Jesus was making his way to Jerusalem – where God raised him to new life, fullness of life, beyond imagining: human life perfected, intensified, transformed. He was making his way to Jerusalem - where the political and religious leadership executed him – because they saw him, rightly, as a threat, because he took, seriously, the fact that the God of Israel was a God who loved people, and who was particularly concerned about those oppressed and excluded by the dominant political and religious cultures.

He accepted death because he trusted that God would make sense of his conviction of the non-negotiable primacy of loving, and relating to everyone with respect and justice. Drawing on his sense of God, he had been free to imagine what ultimately was beyond imagining. He refused to be limited by what most others took for granted.

He accepted death because he hoped that - by cooperating with God’s grace, and in line with God’s vision - a whole new society, a whole new creation would be born. 

He believed, he hoped, he loved. He had nothing else to bring with him –  certainly not success – just faith in God, hope in the world, and profound love for both.

To the person wanting to know about the fate of others - Will only a few be saved? Jesus said effectively: Forget about that! Are you light enough to get through the door yourself? Be careful – for the door is narrow. You have to let go of everything; you have even to die to yourself. You let go of all trace of relying on yourself and your own resources, and of doubting the ultimate resilience of the way of love. All you bring with you is faith in God, hope for the Kingdom, and love for the world.
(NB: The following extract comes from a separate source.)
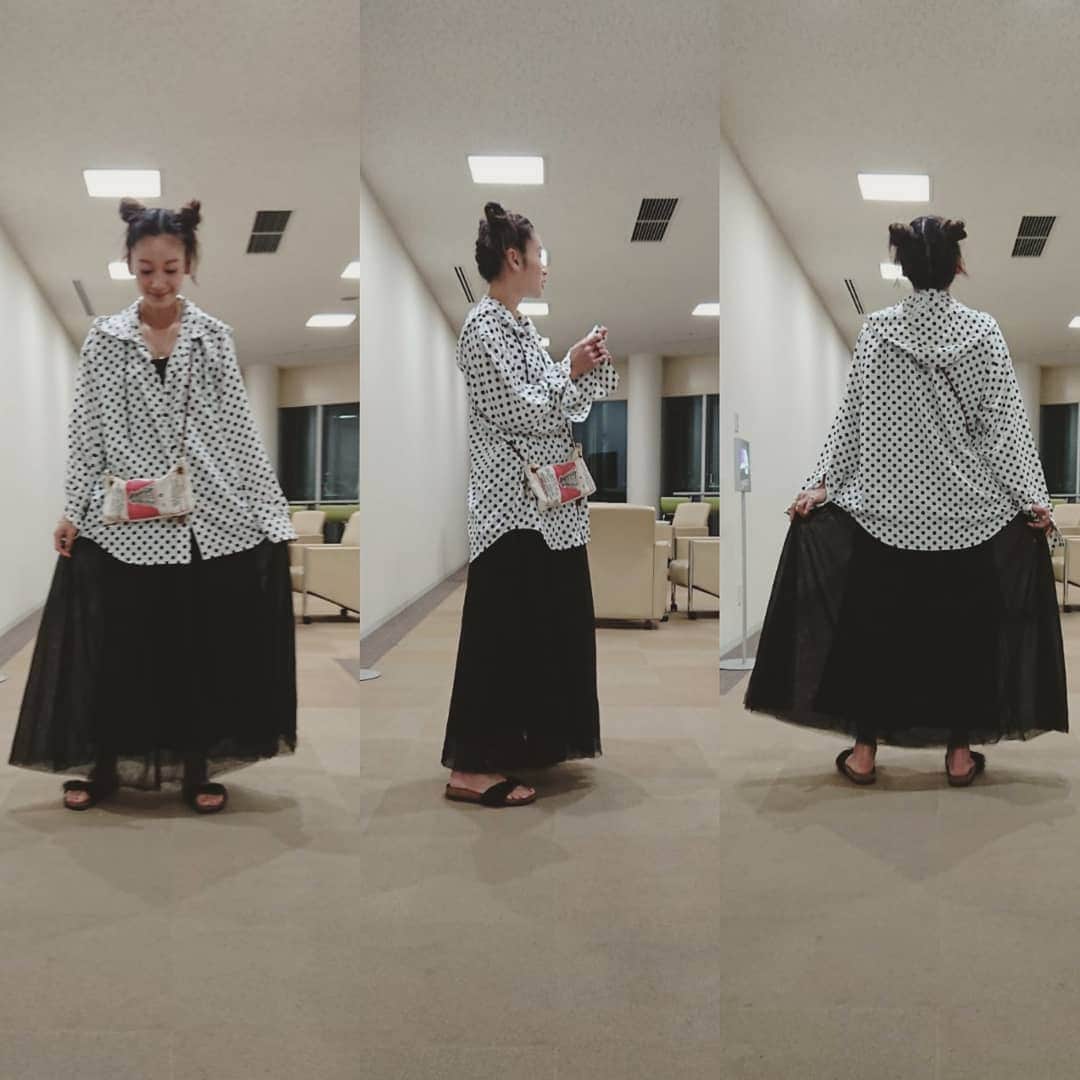 西山茉希さんのインスタグラム写真 - (西山茉希Instagram)「俺流ドット。 『散歩じゃないよ、お仕事だよスタイル』  #ゆるーず  #チュール愛 #俺流コーデ #脱力は服から  そんくらいが心地良い。  #衣装も私服もチュール祭day」7月14日 10時14分 - maki.nshiyama50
Throughout the Church today, this Sunday is recognised as Migrant and Refugee Sunday. Around the world, there are millions of people who have had to flee from their own homes, and move over borders into foreign countries, in order simply to stay alive, or to live in ways that respect their human dignity, or, for some, to be able to practise their religion freely. A recent report of the United High Commission for Refugees estimates that there are over 9 million refugees living beyond their national borders, and about 25 million displaced within their own borders.

Of recent years, the distinction between refugees, asylum seekers and migrants has been blurred and all are now seen in a negative light by some media and politicians. 

Indeed, in much of the Western World, refugees are not called refugees any more – they are called illegals. Sadly, many who have fled homes and families have not always found freedom and respect. They have been herded into refugee camps, kept from view, forgotten, and allowed, virtually, to rot.

Why? In some cases, the countries where they have arrived are themselves too poor and unorganised to absorb them. In other cases, the countries simply do not want to absorb them, because they are frightened –frightened, often, simply that they might be expected to share their common wealth, their luxuries, and their familiar, often wasteful and destructive, standards of living.

In our modern world, the sheer number of refugees can no longer simply be ignored.

They cannot be left to rot. But any realistic response to the problem - like the allied, and ongoing, problems of world hunger and deprivation, along with political tyranny, calls for imagination – the kind of imagination that Jesus had, that in turn called for conversion, and a readiness to let go, and to travel light. Entry into the Kingdom, after all, is through a narrow door. Do we really choose to be lean enough to fit?